Soil Food Web? Sounds Made Up!
- funguysandfungis
- Aug 6, 2024
- 2 min read
Updated: Jan 12
There's a lot of life in the stuff we step on

I assure you, the soil food web is not made up! Although, we have only learned so much about it in the past 30 years or so.
As with all energy in this world, it begins with the sun. The sun shines down its energy and through the miracle of photosynthesis, we have plants that become organic matter, breath in carbon dioxide and breath out oxygen. Alas, not long for this world, at some points, the plants or at least some parts of the plant, die.

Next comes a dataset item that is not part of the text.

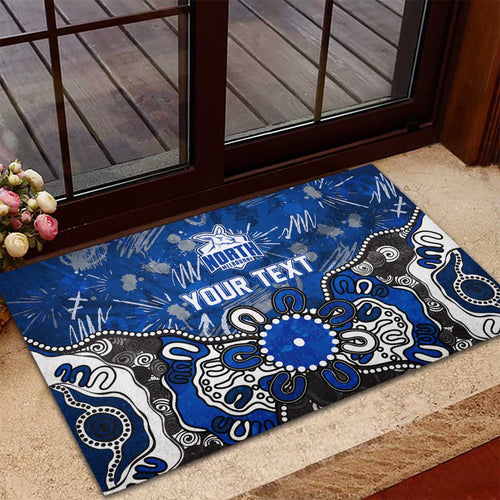 Personalized North Melbourne Kangaroos Rubber Doormat Aboriginal Dot Painting Graffiti Style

In comes our friends bacteria. Bacteria can do a bunch of different things. Some of them can actually break down rock, sand, silt and clay into usable components for plants in the soil. For the sake of brevity, what these bacteria do is eat a lot of the nutrients that the plant can't use and then poop them out (or they are eaten and then those guys poop out the extra nutrients)
Fungi are their own kingdom in the tree of life. They do not photosynthesize, but instead secret digestive enzymes. They also help in the breakdown of organic matter and with nutrient cycling.
But since there is always a bigger fish, these little guys have predators, the smallest of which are protozoa. These feed not just on organic matter but also bacteria and other microorganisms. Protozoa eat the bacteria and the fungi, pooping out the nutrients that the plants need. Nematodes vary in size. They are in almost every ecosystem and quite adaptive.
Another predatory microorganism is the arthropod. These are what we can begin to readily see with our own eyes and what we would generally classify as soil bugs that might creep us out. There are millions of these species and can be generally found everywhere, despite humanity's best efforts at times.
Once we get to larger nematodes and arthropods we jump to larger species that we know and love. Birds love insects, land animals also love eating insects as well and we go on and on.
I write all of this to say that although we might be familiar with a food web above the surface, there is a food web below the surface as well, whose main goal is to provide the nutrients and elements necessary for plants to thrive and produce food ... also for us.